Rzym, upalne lato, puste ulice. Sara Farnese siedzi w Bibliotece Watykańskiej i czyta starożytną książkę kucharską. Podchodzi do niej mężczyzna z wypchaną reklamówką w dłoni. Znajomy. Zmiata z biurka Sary wszystko, co na nim leży, i wyjmuje z reklamówki skórę. Ludzką. Pół szalonym, pół martwym głosem mówi: „Krew męczenników jest nasieniem Kościoła”. I ginie od kuli strażnika biblioteki. Sprawą zajmuje się młody policjant Nico Costa. Syn głośnego włoskiego komunisty, znawca Caravaggia, wegetarianin i zapalony biegacz, który nie wygląda na swoje dwadzieścia siedem lat.
Wkrótce pojawiają się kolejne ofiary, każda w jakiś sposób powiązana z Sarą. Zlatują się dziennikarze, Watykan zwiera szyki. Morderca odtwarza makabryczne okoliczności śmierci wczesnochrześcijańskich męczenników. Przybity nieuleczalną chorobą ojca Nico stara się odkryć prawdę, niezależnie od tego, ile będzie go to kosztowało. Dociera do prywatnych watykańskich kwater, gdzie pewien kardynał próbuje wykaraskać się z kłopotów związanych z przekrętami finansowymi na niewyobrażalną skalę, i rozmawia z ludźmi, z którymi lepiej nie rozmawiać, jeśli nie chce się zaszkodzić swojej karierze...
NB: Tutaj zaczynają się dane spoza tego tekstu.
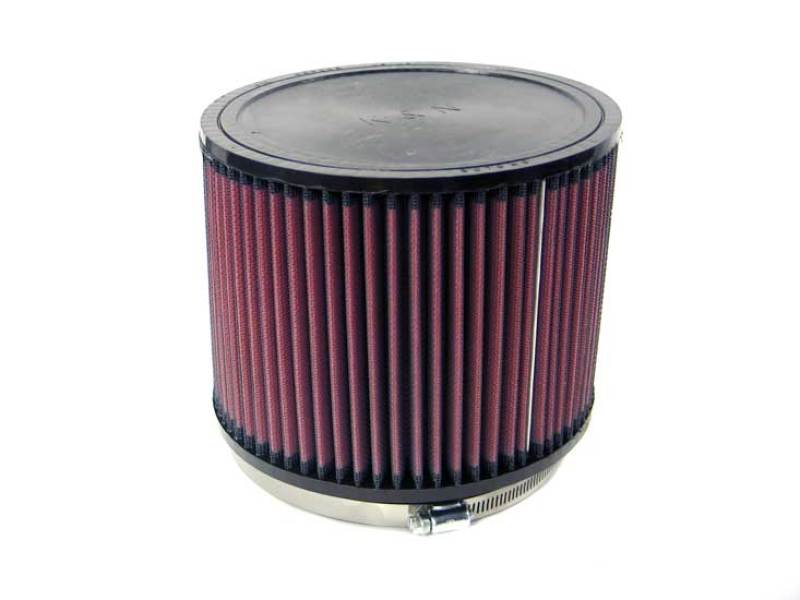 RU-3060 K&N Universal Rubber Filter 6in FLange ID / 7.5in OD / 6in Height / Round Straight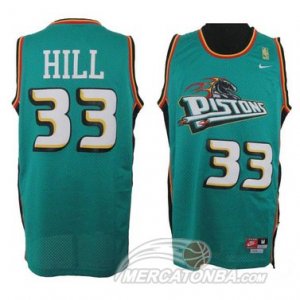 Maglie NBA Hill,Detroit Pistons Verde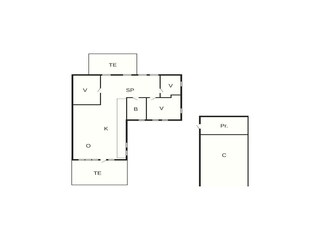Maison de vacances Vorupør Plan d'étage 44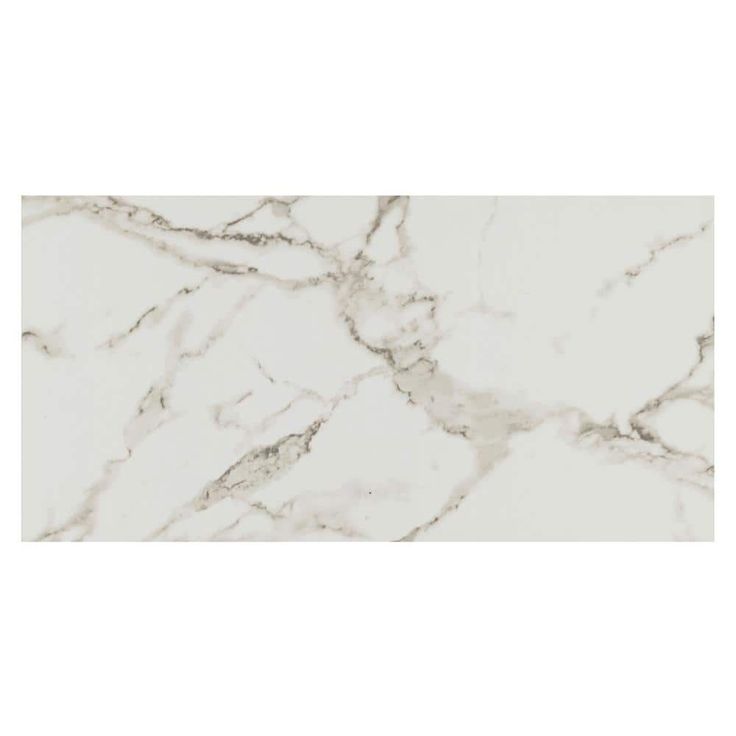 Crystal Bianco 12 in. x 24 in. Polished Porcelain Floor and Wall Tile (16 sq. ft./Case)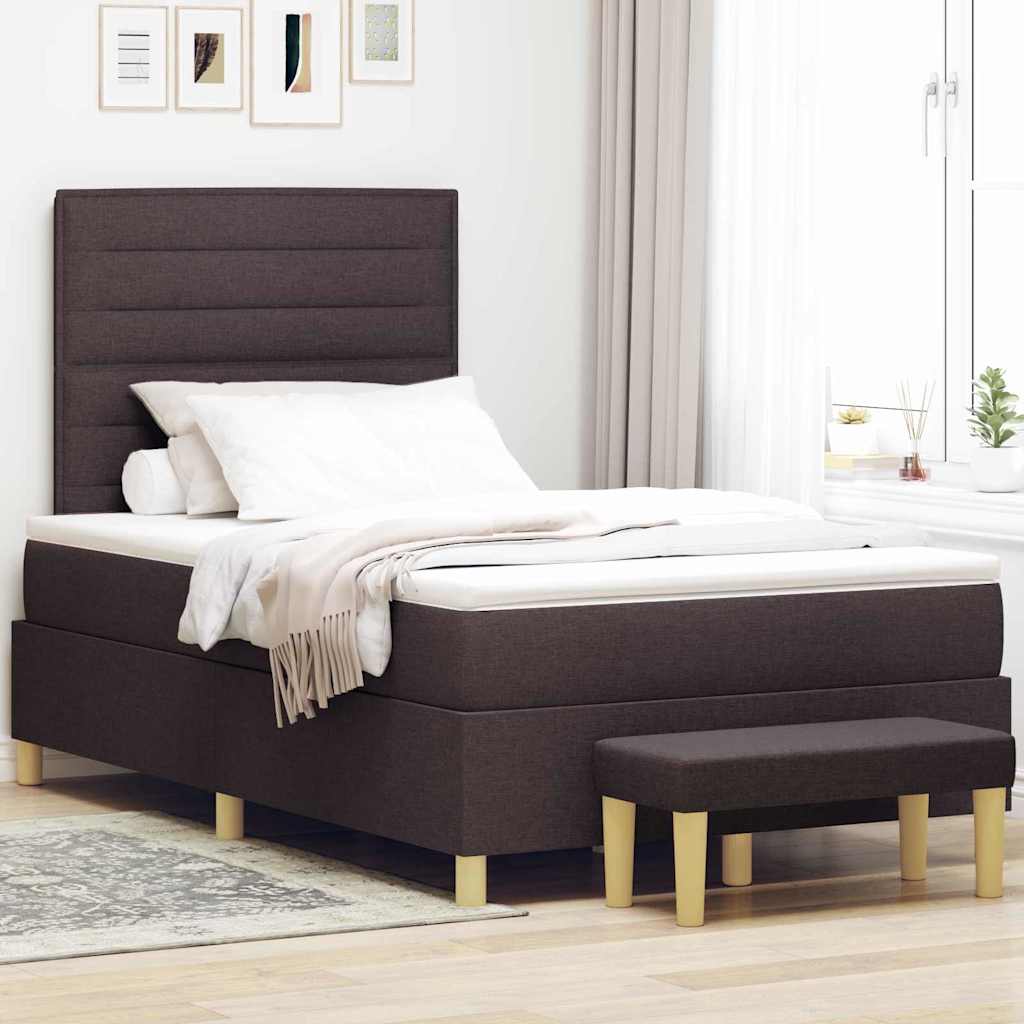 Boxspring Bed Met Hoofdeinde 190 X 140 Cm Stof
Dla jednych podejrzany jako syn komunisty, przez drugich traktowany z góry ze względu na swój młody wiek, Nico wierzy, że inteligencja i uczciwość pozwolą mu dotrzeć do prawdy o tajemniczej Sarze Farnese – ale nie zdaje sobie sprawy z tego, jak wielkie podejmuje ryzyko.